On March 3, 2020, in the wake of the coronavirus pandemic, the World Health Organisation (WHO) expressed concern about how shortage of personal protective equipment (PPE), including masks, was affecting health workers across the world.
The organisation listed panic buying, rising demand, hoarding and misuse as part of the factors responsible for the non-availability of PPE, and called on governments and industries to endeavour to increase production capacity by 40 percent.
“Without secure supply chains, the risk to healthcare workers around the world is real. Industry and governments must act quickly to boost supply, ease export restrictions and put measures in place to stop speculation and hoarding.
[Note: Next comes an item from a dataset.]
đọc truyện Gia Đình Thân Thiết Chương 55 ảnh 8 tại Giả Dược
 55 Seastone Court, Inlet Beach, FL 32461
We can’t stop COVID-19 without protecting health workers first,” Tedros Ghebreyesus, director-general of the WHO, said.
In its projection, WHO estimated that 89 million masks needed to be produced on a monthly basis on order to meet global demand.
In line with the organisation’s request, China, where coronavirus originated late 2019, worked towards increasing production and in three months, the country exported over 70 billion masks to more than 200 countries and regions across the world.
A white paper published on June 7, 2020, by the state information office of the People’s Republic of China detailed, among other things, the medical intervention provided to foreign countries.
“From March 1 to May 31, China exported protective materials to 200 countries and regions, among which there were more than 70.6 billion masks, 340 million protective suits, 115 million pairs of goggles, 96,700 ventilators, 225 million test kits, and 40.29 million infrared thermometers,” it read.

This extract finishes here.